Disentangling Losses in Tantalum Superconducting Circuits
- URL: http://arxiv.org/abs/2301.07848v1
- Date: Thu, 19 Jan 2023 02:02:37 GMT
- Title: Disentangling Losses in Tantalum Superconducting Circuits
- Authors: Kevin D. Crowley, Russell A. McLellan, Aveek Dutta, Nana Shumiya,
Alexander P. M. Place, Xuan Hoang Le, Youqi Gang, Trisha Madhavan, Nishaad
Khedkar, Yiming Cady Feng, Esha A. Umbarkar, Xin Gui, Lila V. H. Rodgers,
Yichen Jia, Mayer M. Feldman, Stephen A. Lyon, Mingzhao Liu, Robert J. Cava,
Andrew A. Houck, Nathalie P. de Leon
- Abstract summary: Recently discovered tantalum-based qubits exhibit record lifetimes exceeding 0.3 ms.

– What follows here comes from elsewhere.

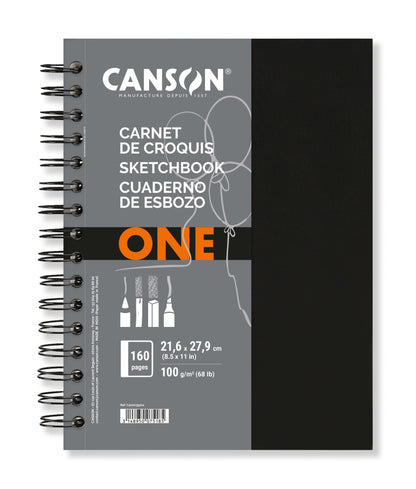 Canson Art 216x279 mm Tekenboek 80 vellen 100 g/m²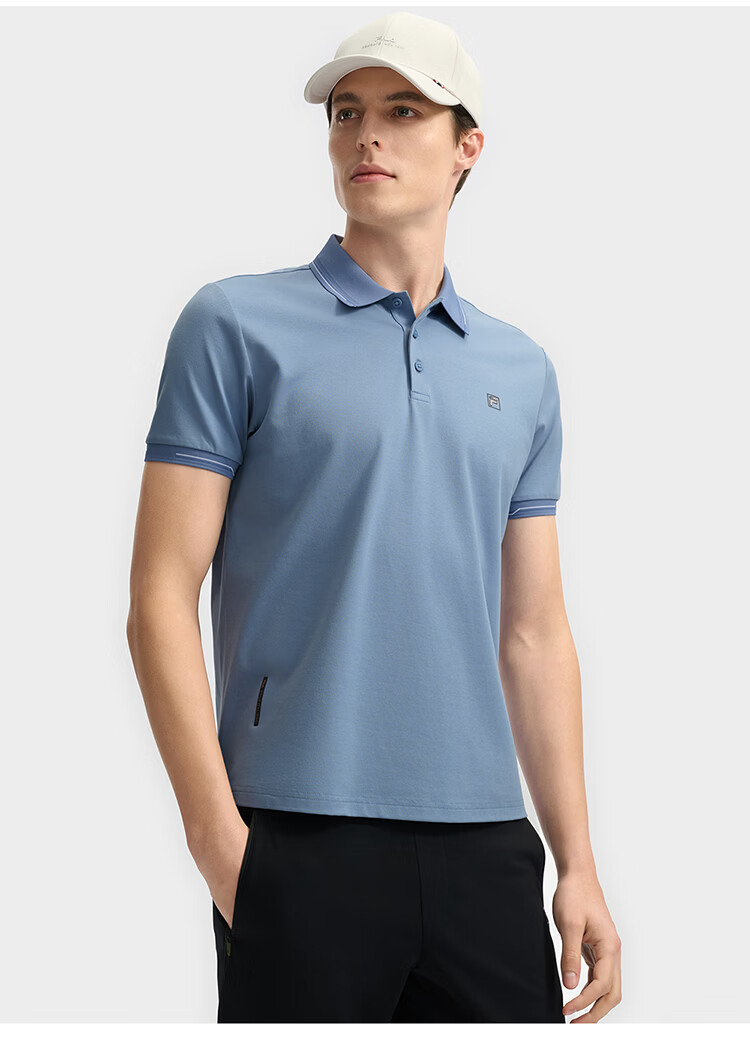 FILA Official Navigator Polo Shirt 2026 Summer Men's Cool Short Sleeve Sports T-Shirt Business Casual Top 60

By studying the dependence of loss on temperature, microwave photon number, and device geometry, we quantify materials-related losses.
With four different surface conditions, we quantitatively extract the linear absorption associated with different surface TLS sources.
Finally, we quantify the impact of the chemical processing at single photon powers, the relevant conditions for qubit device performance.
- Score: 40.00209231119813
- License: http://arxiv.org/licenses/nonexclusive-distrib/1.0/
- Abstract: Superconducting qubits are a leading system for realizing large scale quantum
processors, but overall gate fidelities suffer from coherence times limited by
microwave dielectric loss. Recently discovered tantalum-based qubits exhibit
record lifetimes exceeding 0.3 ms. Here we perform systematic, detailed
measurements of superconducting tantalum resonators in order to disentangle
sources of loss that limit state-of-the-art tantalum devices. By studying the
dependence of loss on temperature, microwave photon number, and device
geometry, we quantify materials-related losses and observe that the losses are
dominated by several types of saturable two level systems (TLSs), with evidence
that both surface and bulk related TLSs contribute to loss. Moreover, we show
that surface TLSs can be altered with chemical processing. With four different
surface conditions, we quantitatively extract the linear absorption associated
with different surface TLS sources. Finally, we quantify the impact of the
chemical processing at single photon powers, the relevant conditions for qubit
device performance. In this regime we measure resonators with internal quality
factors ranging from 5 to 15 x 10^6, comparable to the best qubits reported. In
these devices the surface and bulk TLS contributions to loss are comparable,
showing that systematic improvements in materials on both fronts will be
necessary to improve qubit coherence further.